------ Data provided

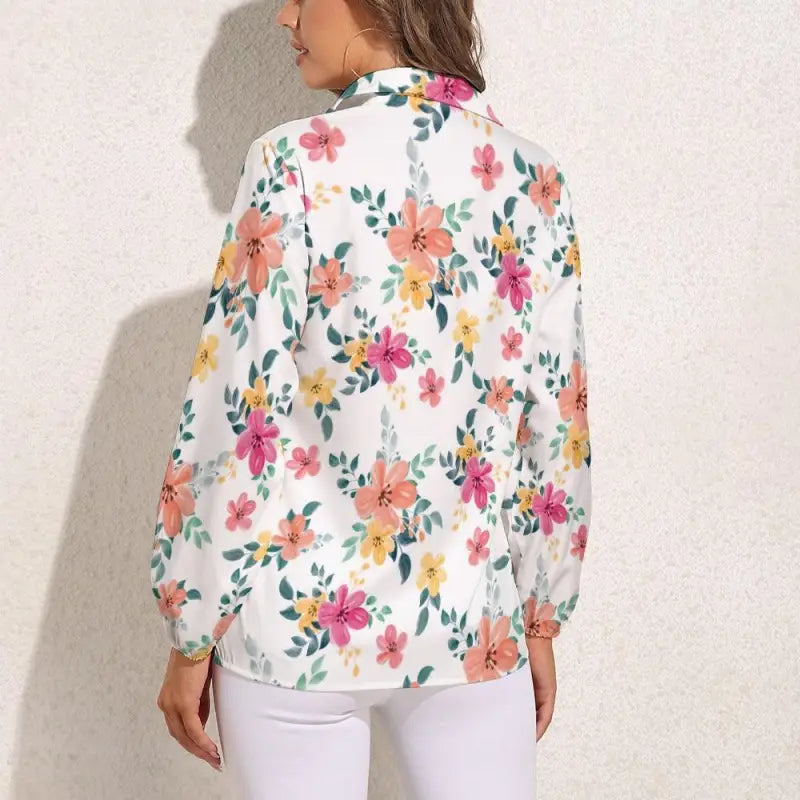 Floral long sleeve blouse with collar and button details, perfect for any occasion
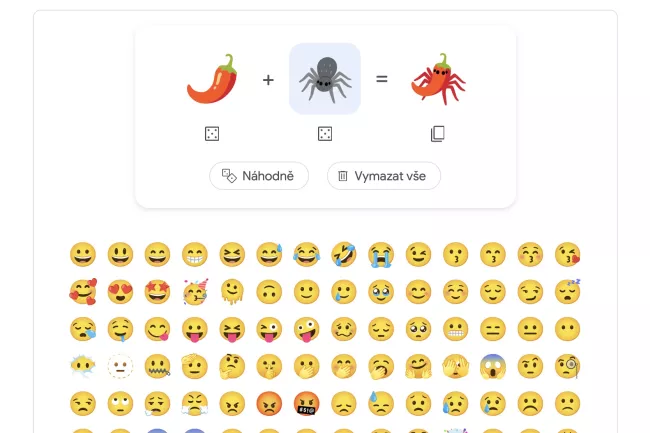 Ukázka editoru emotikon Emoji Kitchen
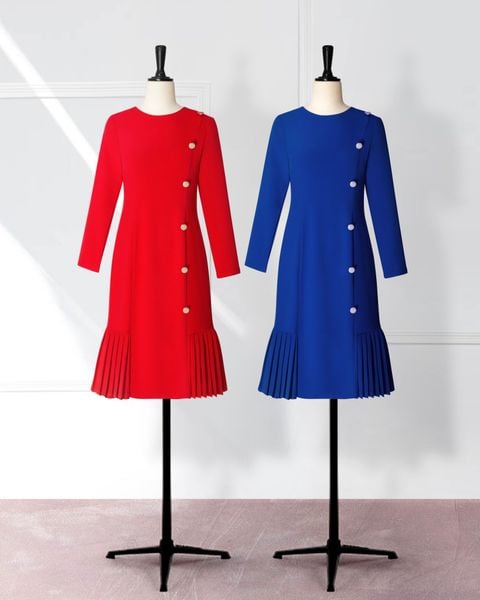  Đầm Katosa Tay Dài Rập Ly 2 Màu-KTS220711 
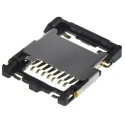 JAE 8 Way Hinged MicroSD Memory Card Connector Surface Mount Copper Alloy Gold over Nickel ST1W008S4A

------------
------ Data provided

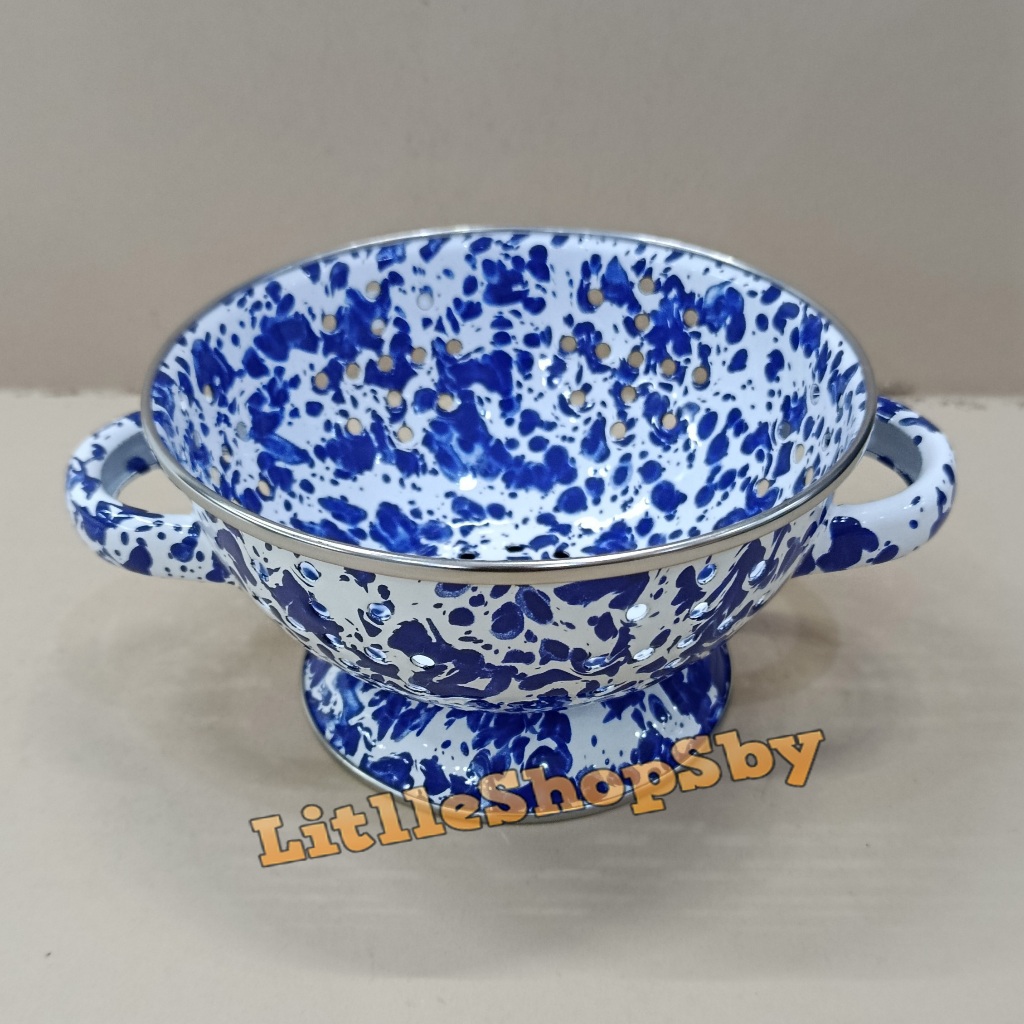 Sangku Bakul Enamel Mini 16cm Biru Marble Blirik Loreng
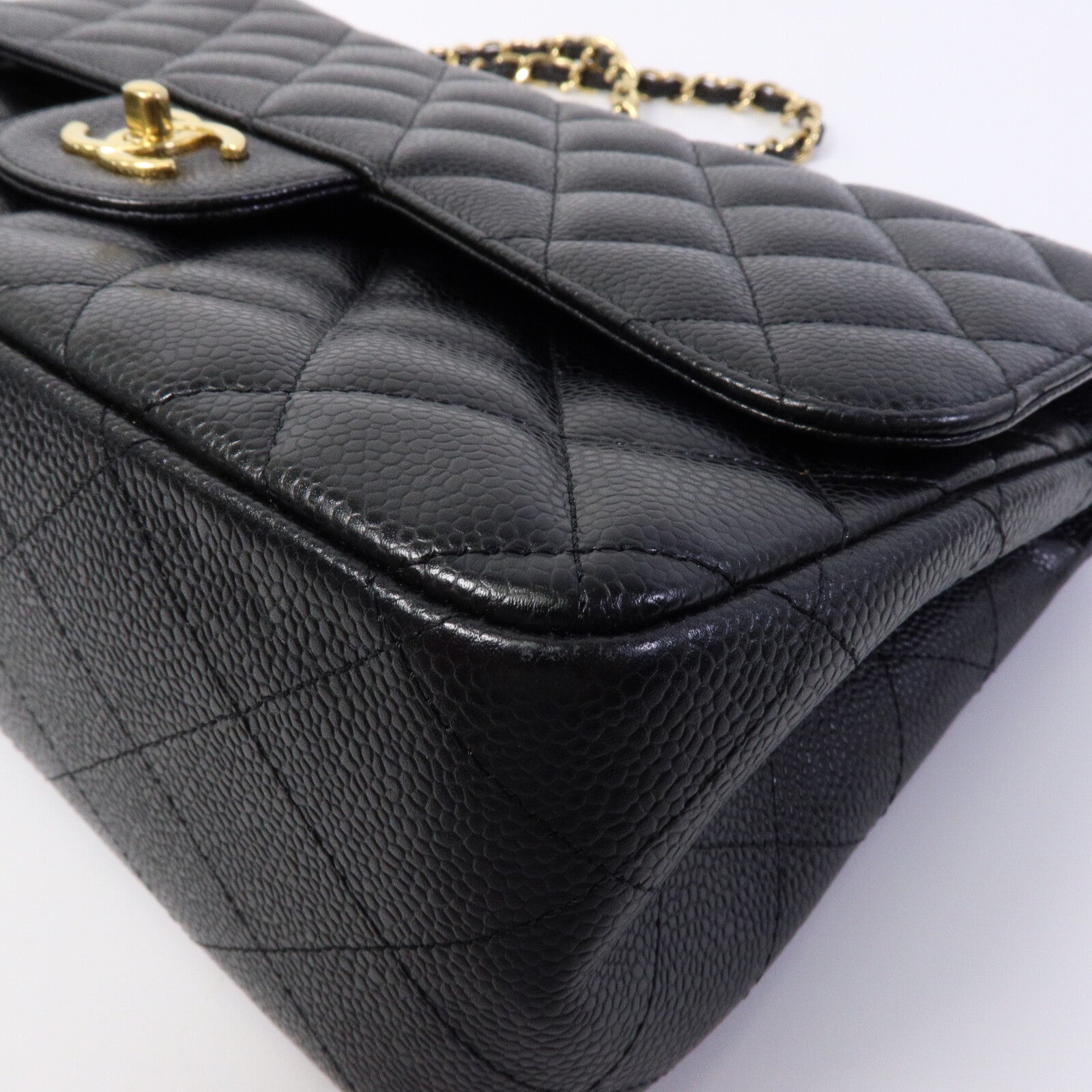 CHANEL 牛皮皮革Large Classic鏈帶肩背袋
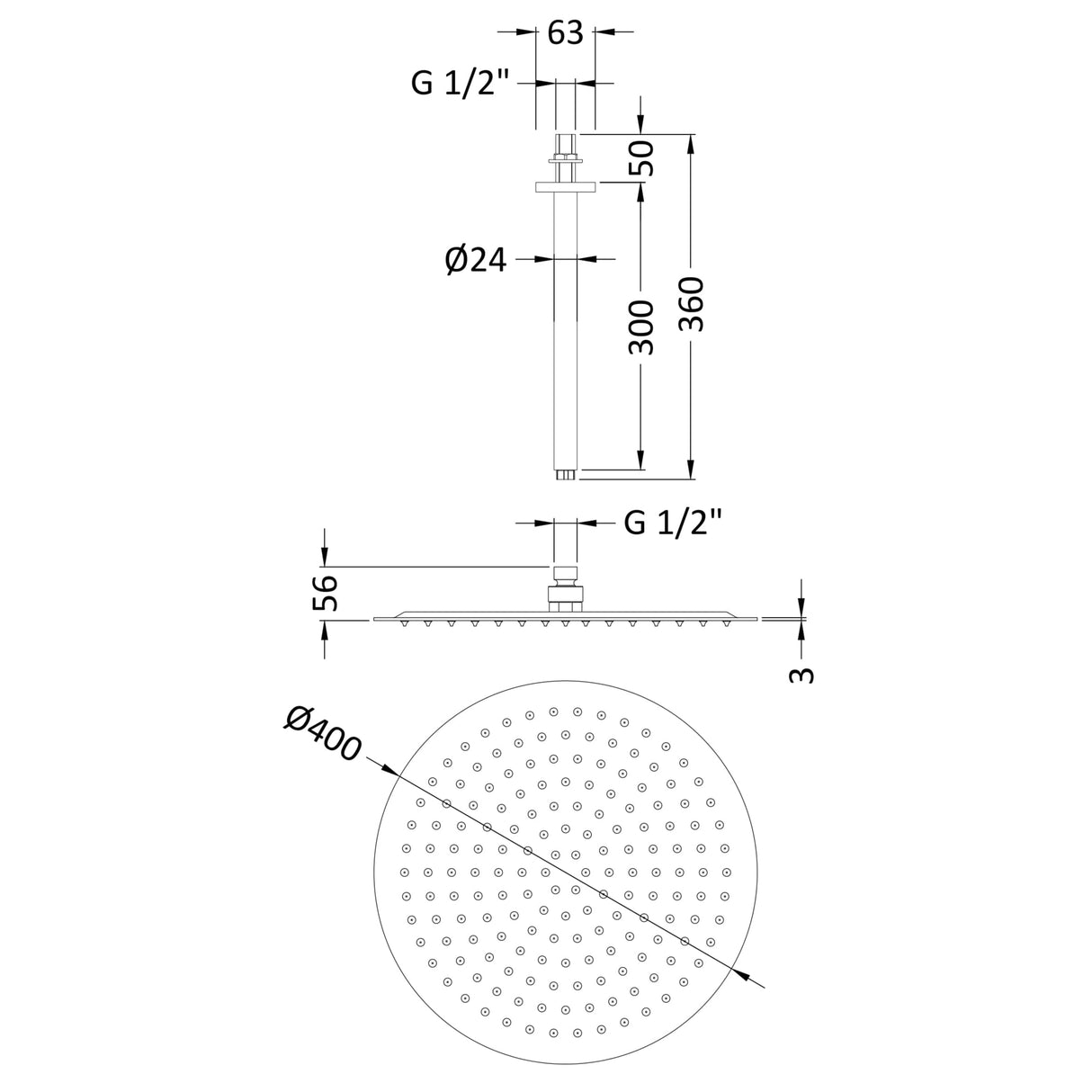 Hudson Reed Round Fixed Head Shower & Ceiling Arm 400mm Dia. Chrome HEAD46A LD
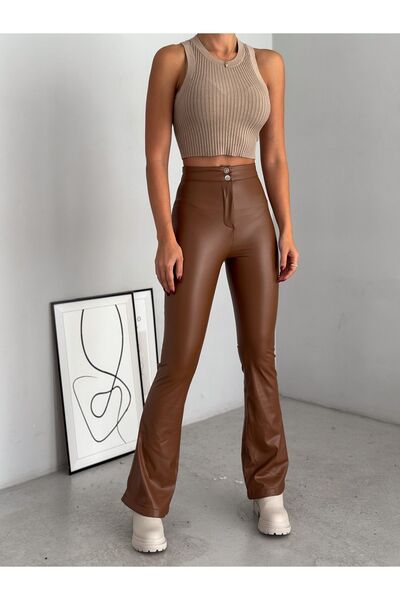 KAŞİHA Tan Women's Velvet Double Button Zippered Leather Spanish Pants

------------
------ Data provided

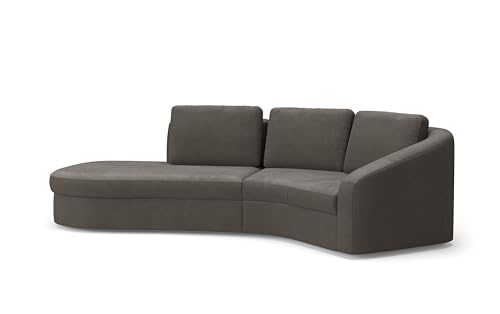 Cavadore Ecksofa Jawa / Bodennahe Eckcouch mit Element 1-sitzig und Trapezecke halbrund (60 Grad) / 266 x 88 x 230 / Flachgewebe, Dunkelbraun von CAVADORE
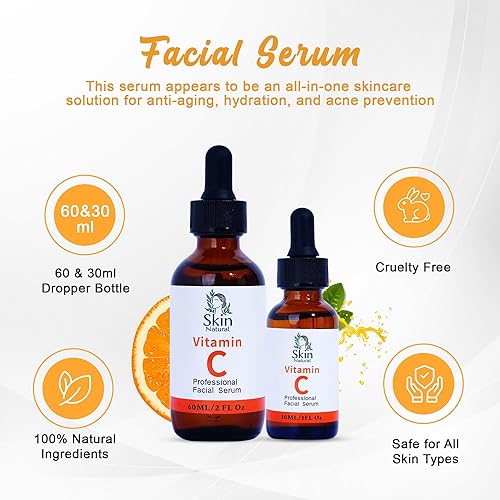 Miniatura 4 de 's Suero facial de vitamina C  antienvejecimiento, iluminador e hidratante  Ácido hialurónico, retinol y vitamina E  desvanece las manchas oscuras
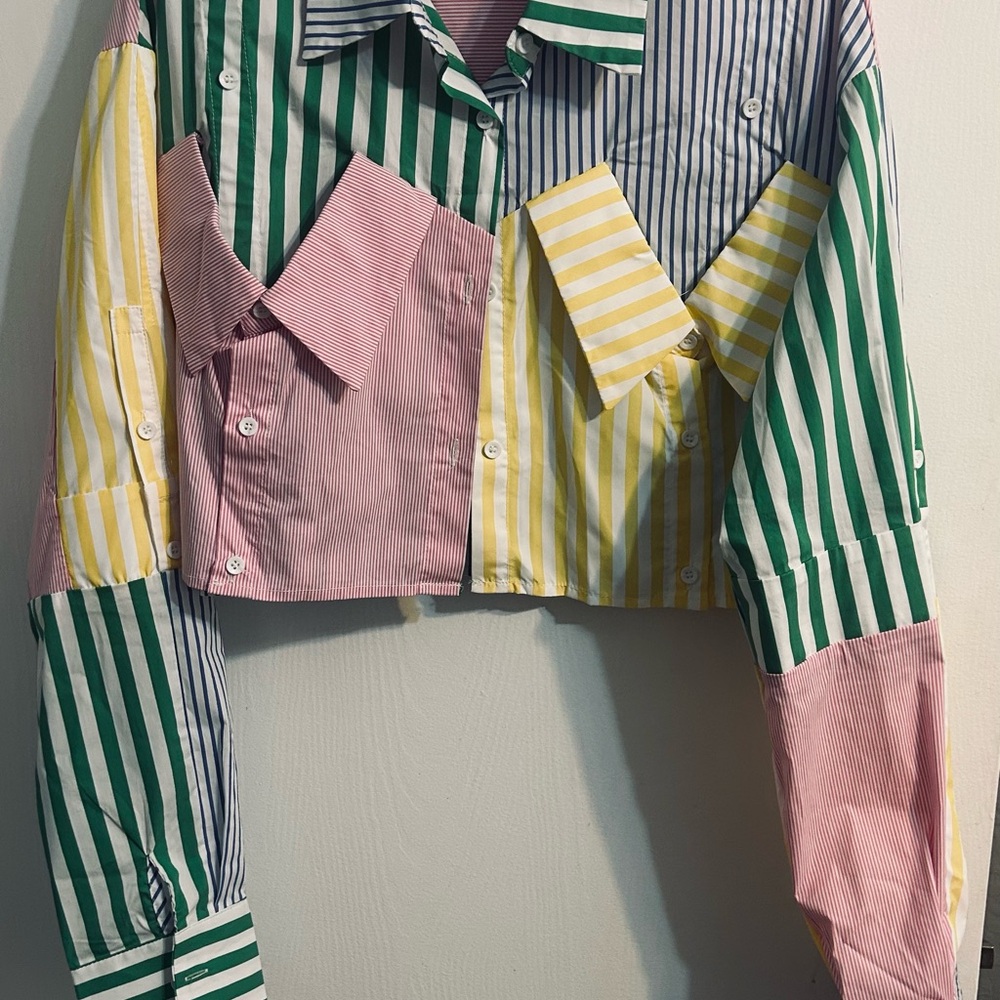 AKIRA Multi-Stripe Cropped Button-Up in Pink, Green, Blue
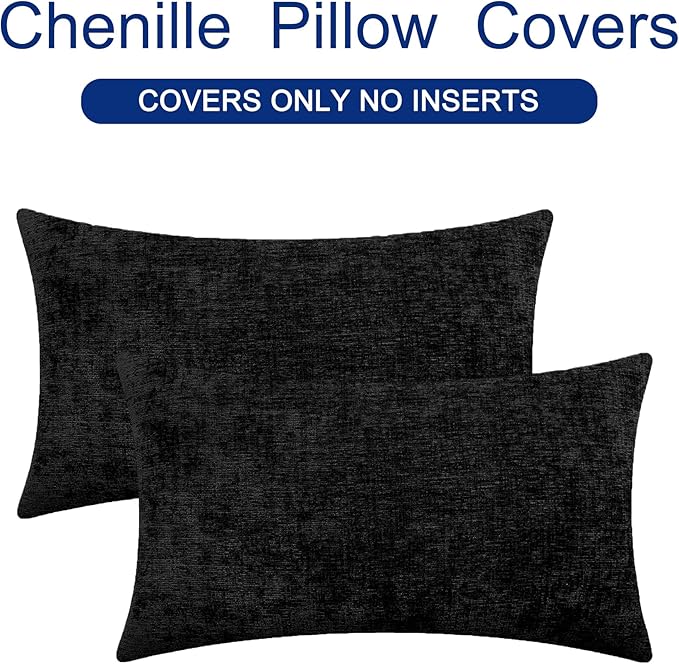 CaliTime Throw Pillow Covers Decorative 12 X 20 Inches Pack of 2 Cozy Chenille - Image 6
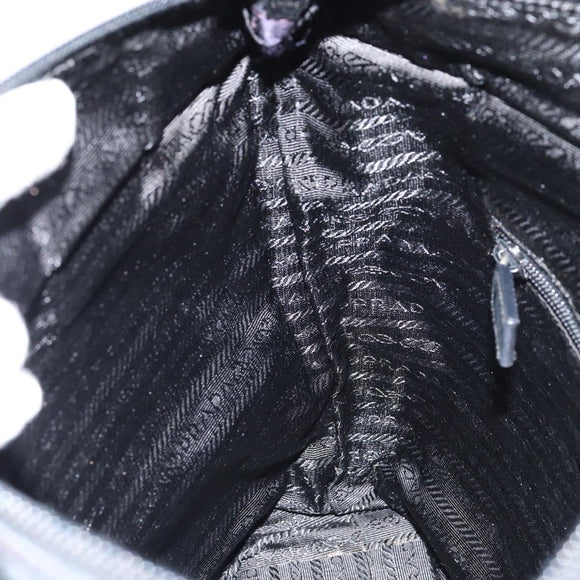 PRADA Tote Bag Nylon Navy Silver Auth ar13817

------------

== Aim of the task ==
In the listing above, find the line with "Đầm Katosa Tay Dài Rập Ly 2 Màu-KTS220711" and the line with "JAE 8 Way Hinged". Set down exactly those lines and everything between them, skipping pictures.

== Finished task ==
  Đầm Katosa Tay Dài Rập Ly 2 Màu-KTS220711 
 JAE 8 Way Hinged MicroSD Memory Card Connector Surface Mount Copper Alloy Gold over Nickel ST1W008S4A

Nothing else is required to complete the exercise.